フランスが英国漁船を拿捕、漁業権を巡る争いがエスカレート

二国間協議を行うフランスのエマニュエル・マクロン大統領(左)と英国のボリス・ジョンソン首相(右)=6月21日、英国・コーンウォール/Ludovic Marin/AFP/Getty Images

2021.10.29 Fri posted at 10:19 JST

パリ(CNN) フランス当局は29日までに北西部ルアーブル港沖合の英仏海峡で英国漁船を拿捕(だほ)したと発表した。英国のトロール漁船に対してフランスのほぼ全ての港の利用を認めないとの措置も発表し、英国の欧州連合(EU)離脱(ブレグジット)後の漁業権を巡る争いがエスカレートしている。

フランスのボーヌ欧州問題担当相は同国のテレビ局CNEWSのインタビューで、魚の水揚げなどを行う船を念頭に「一部の例外を除き英国船はフランスの港を全て利用できなくなる」と発言した。
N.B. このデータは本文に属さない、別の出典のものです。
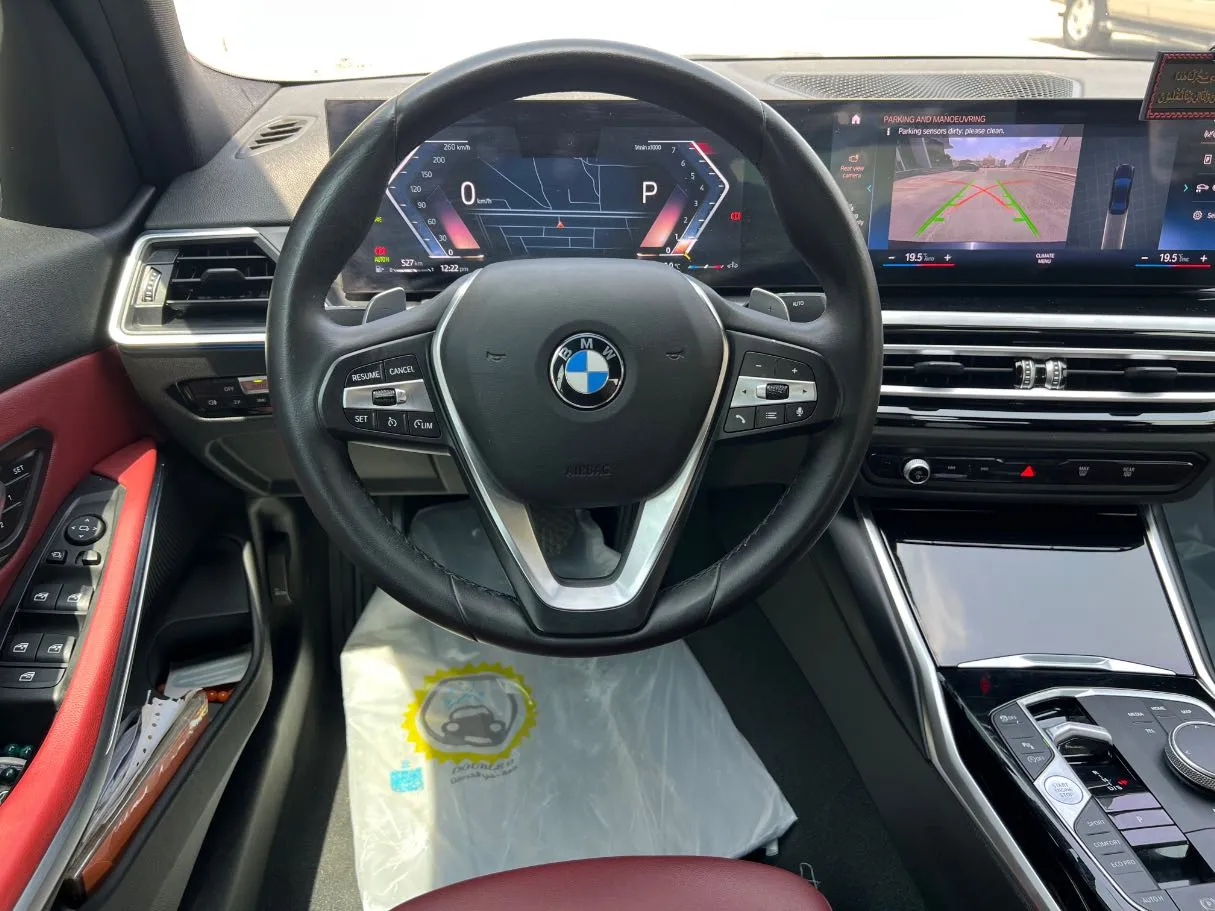 Car image 18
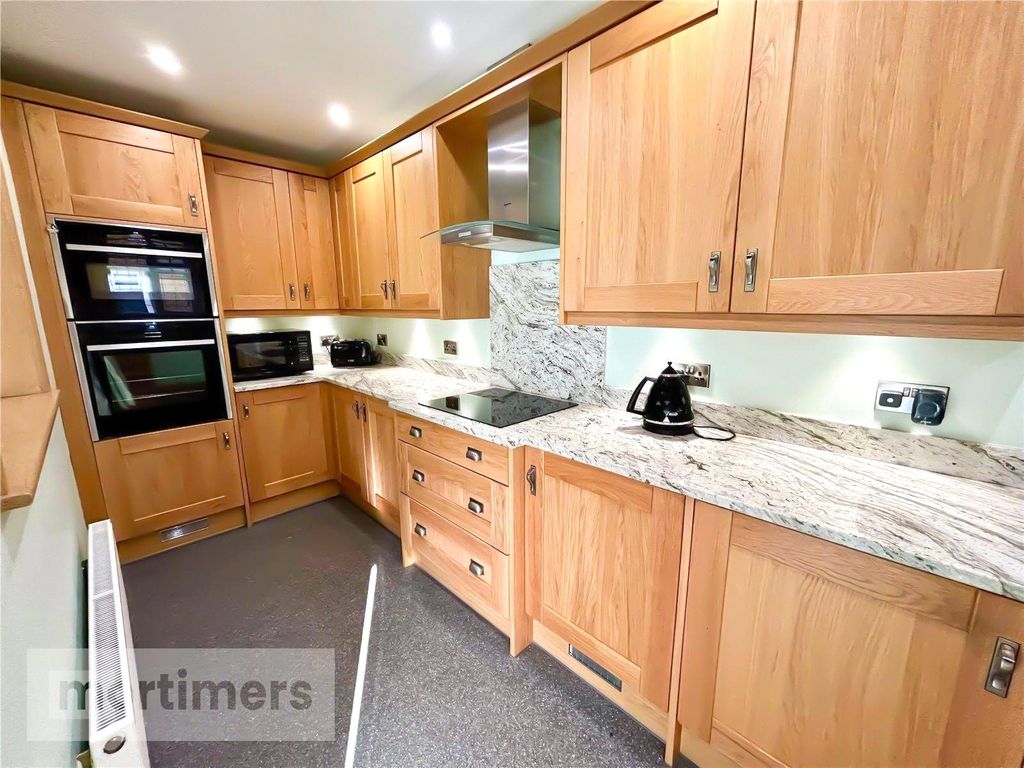 Property photo 2 of 17 Kitchen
封鎖措置は来月2日から施行される。3~4カ所の港は開かれたままとなる見通しだが、正式な数は今週末に決まる。

ボーヌ氏は27日夜に開始した保安検査で「規則を順守しない」2隻の船が停止させられたと明らかにした。

ジラルダン海洋相も2隻の船の停船を確認し、罰金を科した上で1隻をフランスの港に向かわせたと述べた。この1隻はEUの英国漁船の承認リストに記載のない船で、自治体がただちにルアーブル港に向かうように命令を発したという。

英政府報道官はフランス側が示した措置は「正当化されない」とし、英国との合意や国際法に沿うものではないとの見解を示した。フランス政府の対決姿勢を鮮明にする言葉遣いにも遺憾を表明し、フランス大使を呼び出すことを決めたとも述べた。

ジラルダン氏によると、もう1隻はフランス当局が乗船して検査を行うことを認める規則に違反したとして罰金が科された。フランス海上憲兵隊がさらに調べた結果、他の漁業規則違反の行為は認められなかった。

二国間協議を行うフランスのエマニュエル・マクロン大統領(左)と英国のボリス・ジョンソン首相(右)=6月21日、英国・コーンウォール

同氏はまた、今後の手続きの結果、漁船の漁獲や船自体が保釈金の支払いで押収される初の事例となる可能性もあると言及。船長には刑事制裁のリスクもあると述べた。

英仏間ではブレグジット後の双方の領海における漁業権を巡る争いが長く続く。今回フランスが発表した措置は、英国がフランスの一部漁船にブレグジット後の漁業許可を認めなかったことへの報復となる。

フランスのカステックス首相は28日、英国領海でのフランスの漁業申請の約40%が認められていないと述べた。この数値は漁区によって異なる。一方、英政府報道官は同日、EU漁船の申請の98%に許可が与えられていると述べた。

フランス政府によると、来月2日から英国を対象とした措置には関税や衛生検査の強化、英国船舶や英国との出入りをするトラックの検査強化などが盛り込まれている。第2弾の措置も準備が進められ、英国へのエネルギー供給の再検討も排除しないとしている。

欧州委員会の報道官はEUが英仏両国との協議を継続し問題解決を目指していると発表。「許可を受ける資格がある全てのフランス船舶が許可をもらうべきだ」と述べ、これまでこれらの海域で操業していた漁船は漁業継続が認められるべきだとの認識を示した。